They also have a petition to free the Snake River. This petition is trying to remove four dams from the lower Snake River. The four in question are Ice Harbor, Lower Monumental, Little Goose and Lower Granite. The closest dam is located roughly 27 miles outside Pullman and while none of them are on Idaho soil, they impact Idaho residents.
But not all dams are created equal, the dams that this petition is trying to get rid of are not useful and are causing more harm than they are good. But there are dams that are doing good by providing hydropower and limiting flooding in areas of the world.
The other group I want to talk about is Honor the Earth. It is committed to creating awareness and support for Native environmental issues and develop financial and political resources for sustainable Native communities. Honor the Earth was established by Winona LaDuke and Indigo Girls, Amy Ray and Emily Saliers in 1993. It is a Native-led organization.
Honor the Earth is currently engaged in a two-year program about climate change, opposition to extreme fracking, and laying the ground work to restore Indigenous economies. Indigenous people are directly impacted by climate change especially in the Artic.

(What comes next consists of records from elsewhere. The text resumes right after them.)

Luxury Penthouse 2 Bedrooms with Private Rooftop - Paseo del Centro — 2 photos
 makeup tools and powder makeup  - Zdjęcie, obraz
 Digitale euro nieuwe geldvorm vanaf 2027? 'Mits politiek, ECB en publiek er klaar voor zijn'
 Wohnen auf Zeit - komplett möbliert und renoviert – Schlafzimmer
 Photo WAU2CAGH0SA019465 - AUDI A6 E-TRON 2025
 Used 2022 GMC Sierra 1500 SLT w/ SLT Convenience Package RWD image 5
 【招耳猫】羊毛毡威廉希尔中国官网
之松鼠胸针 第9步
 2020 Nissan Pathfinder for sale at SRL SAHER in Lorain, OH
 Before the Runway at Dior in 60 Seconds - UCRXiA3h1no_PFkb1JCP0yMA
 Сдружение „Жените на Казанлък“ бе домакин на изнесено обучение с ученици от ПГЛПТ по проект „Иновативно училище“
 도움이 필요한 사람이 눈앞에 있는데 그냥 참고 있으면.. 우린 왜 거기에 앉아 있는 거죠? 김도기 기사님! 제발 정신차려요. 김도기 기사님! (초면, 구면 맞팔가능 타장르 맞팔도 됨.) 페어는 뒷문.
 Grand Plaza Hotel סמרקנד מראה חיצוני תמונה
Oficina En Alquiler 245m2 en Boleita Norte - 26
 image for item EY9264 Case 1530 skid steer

The melting of the ice is making it harder for them to fish or live in their traditional lands because the melting ice is removing land. According to Honor the Earth, almost 24% of US coal reserves are on Indigenous lands. Plants on the Navajo and Crow reservations add 60 million tons of carbon dioxide into the atmosphere annually.
There is one issue that will appeal to a variety of feminist, Honor the Earth has a campaign they are doing for sexual violence in extraction zones. Federal studies have shown that American Indian women are 2.5 times more likely to be raped or sexually assaulted than women in the USA in general. Also 1 in 3 Native women will be raped in their life time versus the 1 in 5 for women as a whole. North Dakota’s Uniform Crime Report shows an increase of 7.2% (there were 243 rapes in 2012 and 207 in 2011). The report found 12 of North Dakota’s top oil-producing counties accounted for much of the crime. The main difference between these counties and the rest of North Dakota is the “man camps” which is where men stay who come to work the land for oil. This campaign took place during the Obama Administration, when the Keystone XL Pipeline was the big environmental issue of the day.
These are only two of the countless Native American environmental groups in the USA. But we shouldn’t read the posts published during this month and forget about them tomorrow, we need to remember the fight they are in and stand with them.